A lot of people seem to hate Barry Bonds, and want to minimize his accomplishments. It seems to be a common trait to want to tear down someone (or some company) that achieves dramatic success. I wish this trait was more widely recognized as a problem. We should certainly criticize actions that warrant it, but we should also praise great achievements.
Whether or not he took steroids, Barry Bonds is a great baseball player whose success on the field should be admired, and not despised.
Maybe he's not a great role model in terms of character or personal choices (I'm not saying that this is true, I just don't know). But, he can and should be admired as a great athlete anyway.
Wednesday, November 07, 2007
I started this blog by writing about a common thing that I had thought about in a way that most people I know don't seem to have.
Recently, I was reminded of something else like that from my childhood.
When I went to kindergarten, I first encountered a rather strange procedure that kids used to choose "randomly." When they were choosing from a small set of things, they'd point to them alternately while reciting:
Eeny, meeny, miny, moe (4 beats)
Catch a tiger by the toe (4 beats)
If he hollers let him go, (4 beats)
My mother said (3 beats)
To pick the very best one (6 beats)
And you are it (4 beats) or And you are not it. (5 beats).
And it wasn't just kindergartners who were doing this! First graders, second graders, third graders, and more were doing this!
I remember thinking initially that it must be some kind of a joke. Were these people idiots?
I didn't know the term "deterministic," but I knew that this was a terrible process. It seemed obvious to me that if one used the same process each time, then it would follow the same pattern. Simple experimentation would surely indicate which choice would win. So, I did a few trials and realized that when choosing among 2 or 3 or 4 things, the choice pointed to on the first beat would always win (or with "not it", the second one would lose). Later, I figured out that there were 25 beats which is 2n+1, 3n+1, 4n+1. I could have figured out the cases for 5, 6, etc., but 2, 3 and 4 were by far the most common cases.
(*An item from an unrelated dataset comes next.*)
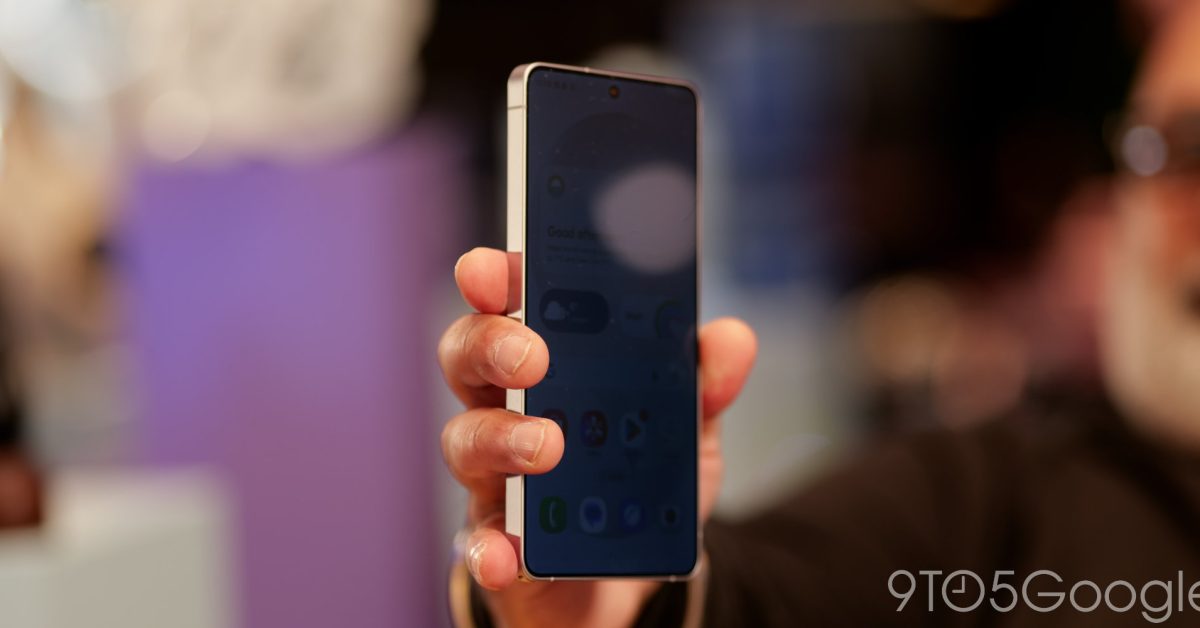 Galaxy S26 Ultra is one of the ‘best inventions of 2026’ thanks to its Privacy Display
But, nobody I knew gave any indication that they had figured this out. Did it not occur to them? Did they choose to remain willfully ignorant in order to preserve the efficacy of the procedure? Were people phenomenally incurious? Was there an unspoken agreement that figuring out the pattern was cheating (or breaking the spell)?
Eventually, I accepted the fact that many people didn't think about things the way I did. They were happy to share common beliefs and practices without even wanting to know how they worked or if they made sense.
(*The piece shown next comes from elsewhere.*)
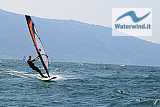Pra de la fam (Lago di Garda), 01/09/2019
I know it now, but it still bugs me a little.
Sunday, November 04, 2007
I've added Reason.TV to my list of Links to the right.
An important feature, currently, is the Drew Carey Project (a series of libertarian-oriented mini-documentaries hosted by Drew Carey). Check it out.
I think Drew Carey is a great spokesman. He's well-known, funny, and has a personality and attitude that most Americans can easily relate to.
I'll be checking out the latest videos at reason.tv regularly.